▸ Exercise goal:
Look below for the line that contains "1997 BMW 3 Series", then copy it and each following line exactly, through and including the line that contains "Muhteşem gün batımı ve dağlarda gökyüzüne".

▸ Information given:
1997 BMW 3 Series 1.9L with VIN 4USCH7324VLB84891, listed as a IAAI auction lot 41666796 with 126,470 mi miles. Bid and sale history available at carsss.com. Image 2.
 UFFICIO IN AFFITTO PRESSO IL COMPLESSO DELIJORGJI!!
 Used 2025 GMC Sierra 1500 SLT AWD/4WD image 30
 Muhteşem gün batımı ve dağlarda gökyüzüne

--

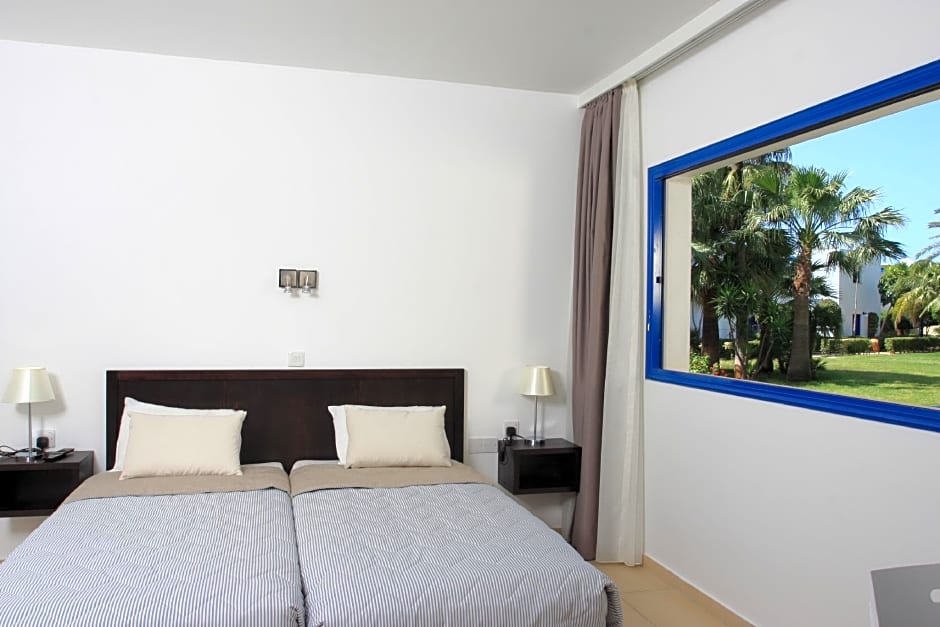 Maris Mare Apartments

▸ Exercise answer:
1997 BMW 3 Series 1.9L with VIN 4USCH7324VLB84891, listed as a IAAI auction lot 41666796 with 126,470 mi miles. Bid and sale history available at carsss.com. Image 2.
 UFFICIO IN AFFITTO PRESSO IL COMPLESSO DELIJORGJI!!
 Used 2025 GMC Sierra 1500 SLT AWD/4WD image 30
 Muhteşem gün batımı ve dağlarda gökyüzüne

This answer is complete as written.